The rainy season may have begun, but Southern California’s water supply situation is still cloudy and we’ve had a few good storms already. We’re no Seattle, but the little rain we get helps take the strain off our water supply. But we’re not cashing in on the blue gold that falls from the sky if we’re soaking lawns and gardens before it rains or – worse yet – while it’s raining.

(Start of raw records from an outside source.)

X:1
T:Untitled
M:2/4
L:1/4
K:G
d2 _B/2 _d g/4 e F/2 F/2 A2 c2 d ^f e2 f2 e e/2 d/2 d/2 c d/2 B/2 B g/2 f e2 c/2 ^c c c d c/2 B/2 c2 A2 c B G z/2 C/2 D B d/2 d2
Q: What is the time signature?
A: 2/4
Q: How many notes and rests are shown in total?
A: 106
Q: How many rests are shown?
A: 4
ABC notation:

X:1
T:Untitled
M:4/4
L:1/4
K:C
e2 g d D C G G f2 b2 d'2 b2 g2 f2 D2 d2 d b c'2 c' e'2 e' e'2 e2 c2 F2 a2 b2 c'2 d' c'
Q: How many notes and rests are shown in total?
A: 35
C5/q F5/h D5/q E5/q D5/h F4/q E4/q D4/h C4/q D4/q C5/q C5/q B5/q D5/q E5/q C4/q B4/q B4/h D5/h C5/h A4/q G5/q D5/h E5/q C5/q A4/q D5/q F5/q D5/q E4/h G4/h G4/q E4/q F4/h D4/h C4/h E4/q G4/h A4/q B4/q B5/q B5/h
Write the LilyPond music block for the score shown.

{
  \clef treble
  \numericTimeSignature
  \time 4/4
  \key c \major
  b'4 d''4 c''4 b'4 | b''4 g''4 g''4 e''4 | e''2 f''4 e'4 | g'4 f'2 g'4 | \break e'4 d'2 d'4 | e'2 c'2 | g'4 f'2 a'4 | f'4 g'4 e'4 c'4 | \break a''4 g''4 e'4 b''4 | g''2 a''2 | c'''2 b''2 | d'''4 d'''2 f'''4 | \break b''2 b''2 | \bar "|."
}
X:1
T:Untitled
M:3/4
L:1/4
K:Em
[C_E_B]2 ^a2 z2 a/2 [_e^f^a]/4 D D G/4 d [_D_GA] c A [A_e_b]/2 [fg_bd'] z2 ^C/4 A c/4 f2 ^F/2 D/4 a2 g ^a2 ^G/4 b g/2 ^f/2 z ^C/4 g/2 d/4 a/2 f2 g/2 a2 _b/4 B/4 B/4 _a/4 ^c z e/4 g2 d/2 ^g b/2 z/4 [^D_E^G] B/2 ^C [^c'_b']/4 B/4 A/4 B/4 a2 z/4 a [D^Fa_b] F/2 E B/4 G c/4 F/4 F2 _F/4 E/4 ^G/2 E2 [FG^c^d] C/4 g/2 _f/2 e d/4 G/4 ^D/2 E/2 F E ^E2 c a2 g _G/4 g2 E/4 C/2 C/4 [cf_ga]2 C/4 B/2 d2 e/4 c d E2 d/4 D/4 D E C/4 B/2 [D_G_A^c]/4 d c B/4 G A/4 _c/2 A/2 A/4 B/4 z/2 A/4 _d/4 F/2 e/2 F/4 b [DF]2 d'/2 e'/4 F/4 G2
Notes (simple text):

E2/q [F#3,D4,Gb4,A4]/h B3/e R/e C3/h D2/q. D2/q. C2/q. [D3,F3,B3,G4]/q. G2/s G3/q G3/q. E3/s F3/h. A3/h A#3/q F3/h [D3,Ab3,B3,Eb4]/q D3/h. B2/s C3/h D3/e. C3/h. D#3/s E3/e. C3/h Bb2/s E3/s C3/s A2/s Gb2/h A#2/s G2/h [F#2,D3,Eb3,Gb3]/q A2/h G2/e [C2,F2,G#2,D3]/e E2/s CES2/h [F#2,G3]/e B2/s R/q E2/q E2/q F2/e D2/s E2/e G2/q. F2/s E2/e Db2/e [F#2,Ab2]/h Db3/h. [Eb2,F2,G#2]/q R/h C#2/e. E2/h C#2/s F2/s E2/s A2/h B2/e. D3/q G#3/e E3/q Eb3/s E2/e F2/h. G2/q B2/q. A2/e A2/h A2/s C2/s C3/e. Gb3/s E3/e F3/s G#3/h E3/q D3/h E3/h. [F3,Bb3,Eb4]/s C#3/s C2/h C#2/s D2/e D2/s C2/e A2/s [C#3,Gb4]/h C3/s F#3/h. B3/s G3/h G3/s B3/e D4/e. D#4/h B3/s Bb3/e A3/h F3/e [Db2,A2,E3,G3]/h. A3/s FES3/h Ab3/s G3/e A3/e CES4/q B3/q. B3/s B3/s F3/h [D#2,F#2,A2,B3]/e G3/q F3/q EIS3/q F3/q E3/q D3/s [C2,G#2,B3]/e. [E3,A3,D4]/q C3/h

Soil can’t absorb any more water, whether from the hose, sprinklers or the sky, if it’s already saturated. That’s why it’s important to pay attention to the weather and turn off sprinklers for about three days before and three days after it rains. The soil will then be ready to absorb the rainfall, giving your plants a free shot of water and helping to recharge Pasadena’s groundwater basin. Watering during rain is obviously and excessively wasteful and prohibited by Pasadena’s water shortage procedures. (Violators may receive fines of $100 or more.)
Once the rain stops, PWP recommends that you skip watering for a few days because plants are already well fed and the rain-soaked soil won’t absorb more water; excess will simply run into the gutter. A good rule of thumb before deciding to water your lawn is to step on the grass. If it rebounds quickly, it doesn’t need watering.
All totaled, turning off sprinklers before, during and after a good rain can save Pasadena 80 to 175 million gallons of water in a week, depending on the time of year. It really pays to check the forecast!